Teri Parker: In The Past
Teri Parker

On her debut album, Teri Parker offers a fresh and consistently rewarding take on the jazz piano quartet tradition. While it's not a reinvention of the form, In the Past certainly marks her as a composer of distinction whose music does much to individualize her. Each of the album's Parker-penned compositions impresses as a self-contained and fully realized entity; they're not simple riffs on long-standing genres, even if connections to established forms are evident.

One of the things that individualizes the Toronto-based pianist's material is compositional intricacy: each tune moves through multiple episodes, whether they be changes in tempo, style, or otherwise, though never so much that the essence of the piece gets lost in the process. She distinguishes each one by introducing unexpected details, such as hand claps that intermittently punctuate “Ghost of Time” or the unison piano-and-saxophone lines that lend the boppish “Oy, Regy!” a pronounced Tristano-esque flavour.

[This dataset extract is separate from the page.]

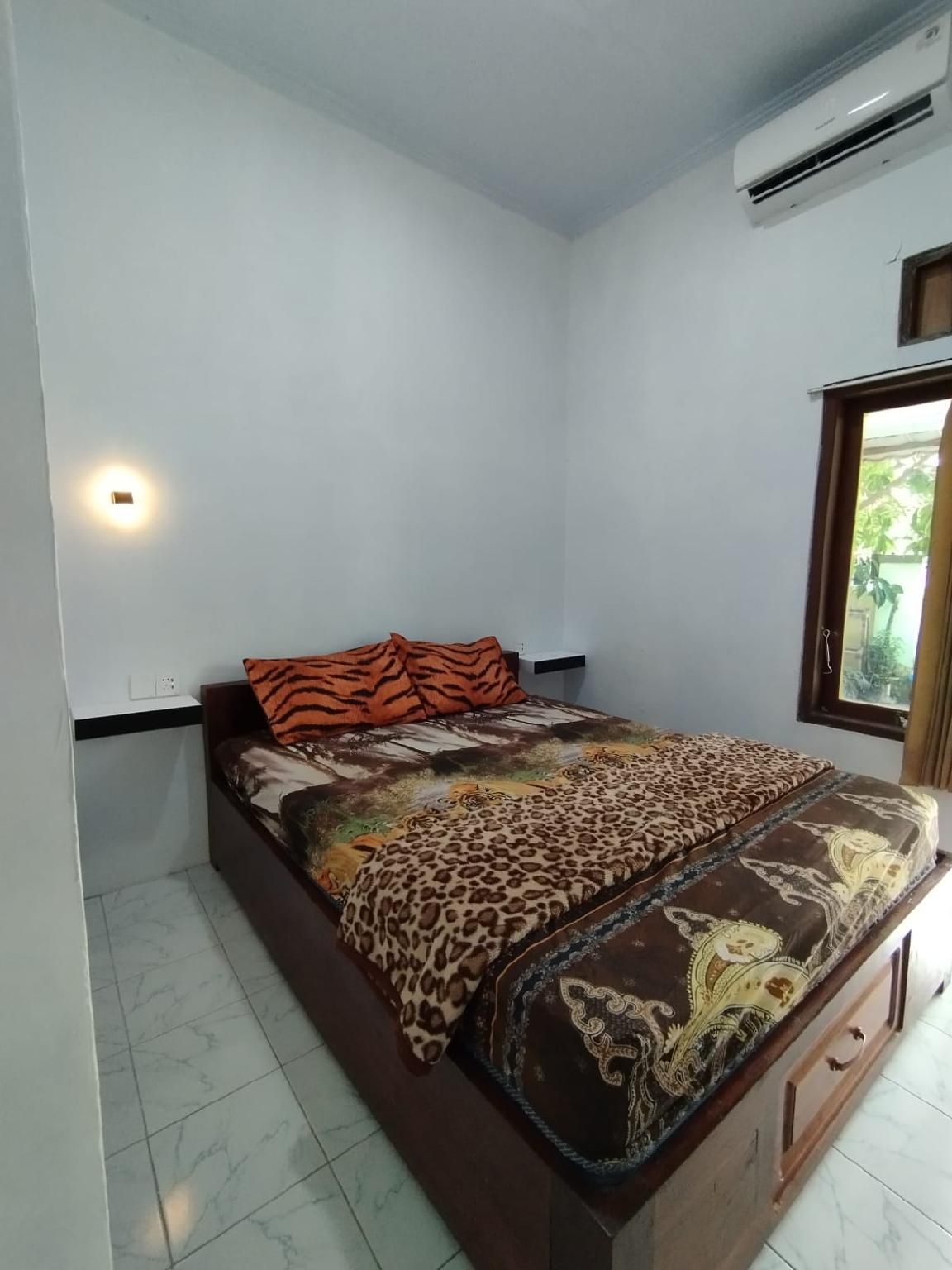 Small Double Non-Smoking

As a composer, Parker is much like she is as a player: poised, circumspect, and methodical. Whether supporting another or soloing herself, the pianist approaches her playing with deliberation, each note meaningful and each gesture related to the whole; the care with which she shapes and develops her solo in “On the Farm,” for instance, is a marvel to behold. As strong, alto saxophonist Allison Au, an acclaimed bandleader in her own right, shares with the leader a penchant for restraint while still bringing Parker's singing melodies to vivid life with exuberant voicings. Bassist Mark Godfrey and drummer Mack Longpre acquit themselves honourably, too, especially when they're tasked with executing Parker's oft-complex arrangements.

Named after the main character in Andre Alexis's Giller Award-winning novel Fifteen Dogs, “Majnoun” eases the listener into the album with understated grace. Elegant pianisms by the leader are joined in turn by Godfrey's subtle double bass expressions, Longpre's cymbal colourations, and Au's sultry sax musings, the music building gradually until it flowers into an almost Latin-tinged ballad. Here as elsewhere, imaginative musical turns are taken, with in this case Godfrey eventually echoing in his own playing the labyrinthine piano patterns Parker deploys as a foundation throughout the piece.

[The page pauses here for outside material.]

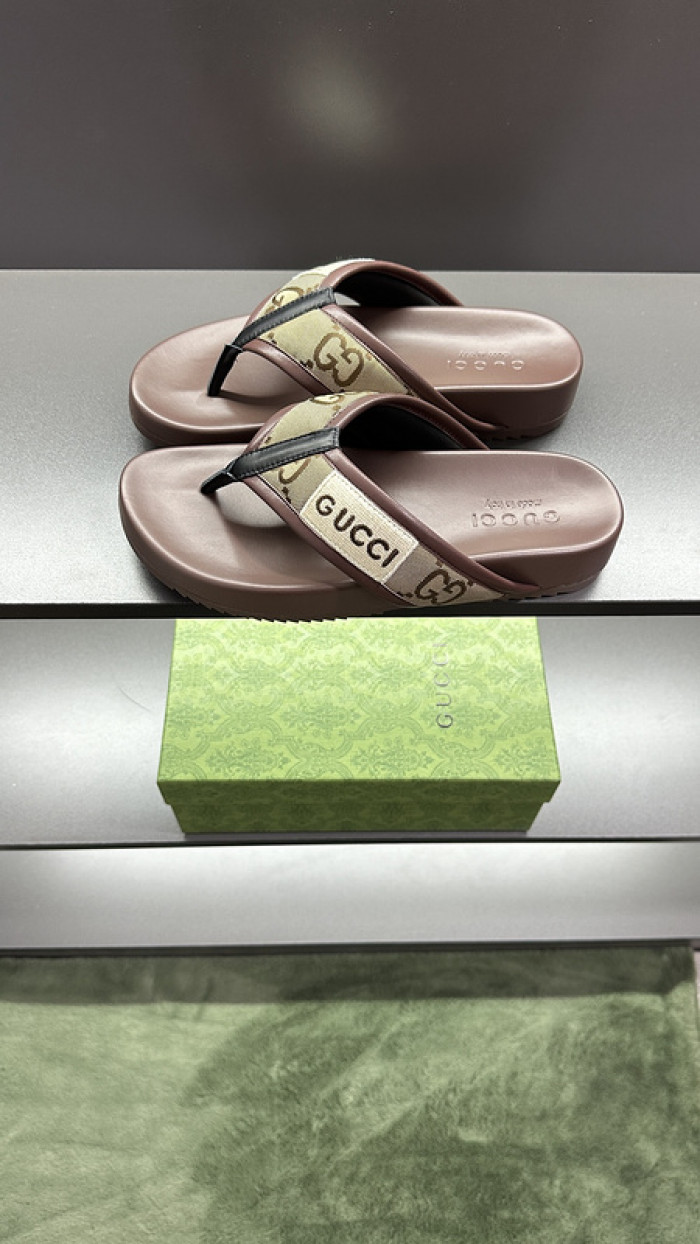 GUC* SLIPPERS DR258-082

Tricky, stop-start rhythms and a plinking piano accent form an ear-catching backdrop to Au's fluid lead at the start of “Summer City,” after which the group settles into a smoother and breezier attack before returning to the jerky feel of the opening. Representative of the material's mutable design, “Taurus Blues” segues from one distinct rhythm episode to another, with Longpre in particular challenged by Parker's writing to shift gears and playing styles throughout without losing the music's flow. In keeping with its title, “On the Farm” exudes a relaxed vibe that evokes the carefree splendour of a summer afternoon in the countryside.

As solidly connected to the acoustic jazz quartet tradition as In The Past might be, Parker departs from it in inspired ways during the album's second half. Her electric piano playing both burnishes “Alexandria” with a modern sheen and enhances the ballad's mysterious character, and the later “Chromo” sees her flirt with jazz-rock in blending Rhodes playing with Godfrey on electric bass. A slightly heavier and rock-influenced side of the band emerges during “In the Future,” whereas the evocative vignette “Strange Dreams” hints that Parker could have a side-career as a soundtrack composer were she so inclined.

This is an album that's not only thoroughly satisfying and marked by variety and surprise; it's also one long in the making. Laid down over two days in July 2016, In The Past was recorded four years after the band formed, an extended period that suggests the group had ample opportunity to woodshed the tunes before entering the studio. It's also, not incidentally, an album of which Parker can be deservedly proud.